Suggested listening:
Doing It Right - The Go! Team
I am new to blogging, but I am filled with a slight sense of regret that I didn't categorically record the experiences of Folio Week as it went. I am also kicking myself that I didn't bring my camera each day/night to give a real sense of the experience in the space, because there was no shortage of excitement and intrigue.
Due to my profligacy (not to mention the fact that I've been without sleep for nearly 36 hours), this will not be the post that I envisioned. I am purposefully forcing myself to write what you are reading now so that the feelings that I have may be conveyed in an intimate and accurate manner. Well, as much so as my exhausted brain and body will permit, anyway.
The storm that I predicted never really arrived; we were all a little bit twitchy this morning, and one of my classroom neighbours was extremely stressed and panicked about her work, believing that she was going to fail. She had designed a quite amazing project based on a kite and, as I tried to help her understand how to represent it, I had to appreciate the enormity of what she was trying to accomplish. Her models of the project had been pretty amazing prior to Folio Week, and she seemed a shoe-in to be dominant in the folio itself.

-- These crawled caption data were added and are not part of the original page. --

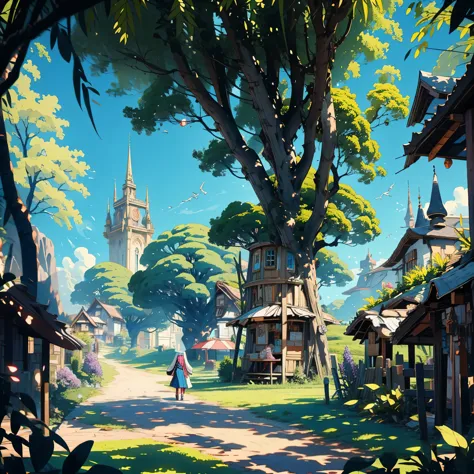 anime style, in ELVEN VILLAGE, long shot, Quaint, pathways lined with lilacs. Elven villagers in the background, going about the...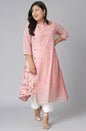 Janasya Women's Pink Poly Crepe Floral Print Casual High Low Kurta
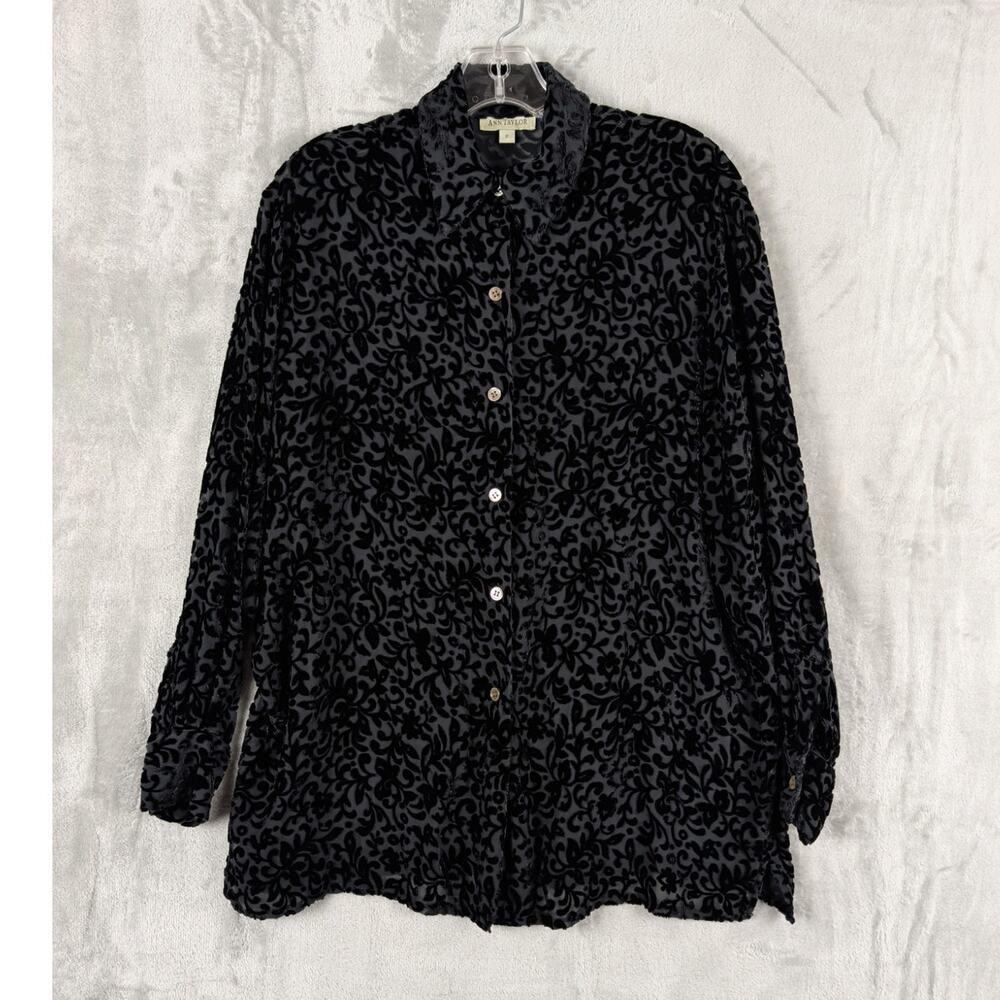Ann Taylor Button-up Black Velvet Burnout Blouse Gothic Sheer Petite Small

(For the record, I just fell asleep at my keyboard - hereafter: "JFAAMK")
(JFAAMK)
Anyway, nerves were a fraction frayed on Friday morning. There were about 10 of us pulling a straight all-nighter, and the reality of deadline day was starting to nibble at us. Productivity, paradoxically, dropped off the face of the earth and people started to wonder exactly how to make their projects pop given the limited time and motivation remaining. For me, I had been inserting title blocks, north points and scale bars as I went so I had no real trouble (apart from the fact that I didn't complete rendering of surfaces).
(Note: I am simply too tired to continue - I will complete this post tomorrow. Current time: 6:34pm, Friday 3rd June.)
And by "tomorrow", I mean "the day after tomorrow."
It's Sunday morning, and I've had a little bit of respite. Fifteen hours' worth of sleep on Friday night through Saturday morning was the bare minimum required. I only had 8 hours' worth overnight last night, as I was awoken by a text message pertaining to playing soccer for my old club (for whom I have not trained nor even registered this season) in a couple of hours.
Anyway, winding the clocks back to Friday as best I can: I suppose deadline day isn't something you can cram for; Folio Week is so named due to the absolute requirement for consistent work for [just over] a whole week. I did six hours' work on Sunday and that was a really lazy day for which I felt terrible later. Most days were between 12-15 hours and then there was the all-nighter on Thursday.
That said, there were several people who worked considerably harder than I did, and will justifiably reap HDs as a result. I think that a distinction is about what I deserve for my work, but that depends entirely upon how much my models count against me, as I am horrifically bad at model-making. My drawing was certainly much crisper (sharp pencils/working clutch sharpeners are a scarce commodity) than in any of my previous projects and I did actually manage to do some good rendering, despite it not being complete come submission time.
Anyway, in the last few hours of Deadline Day, the work is the least of one's concerns. The big decisions that need to be made are:
Q: What am I doing after I submit?
A: Hanging out with my group in our submission room and then the grass out the front of Architecture.
Q: What am I doing tonight?
A: Grocery shopping so that I have food for dinner, then sleeping for a ridiculously long time.
Q: What am I doing on the holidays?
A: ...
Q: What are we all doing together at some point on the holidays?
A: Something. A semester of studio together forges a tight-knit group; I can't imagine ever being part of such a perfect assembly of individuals again in this course.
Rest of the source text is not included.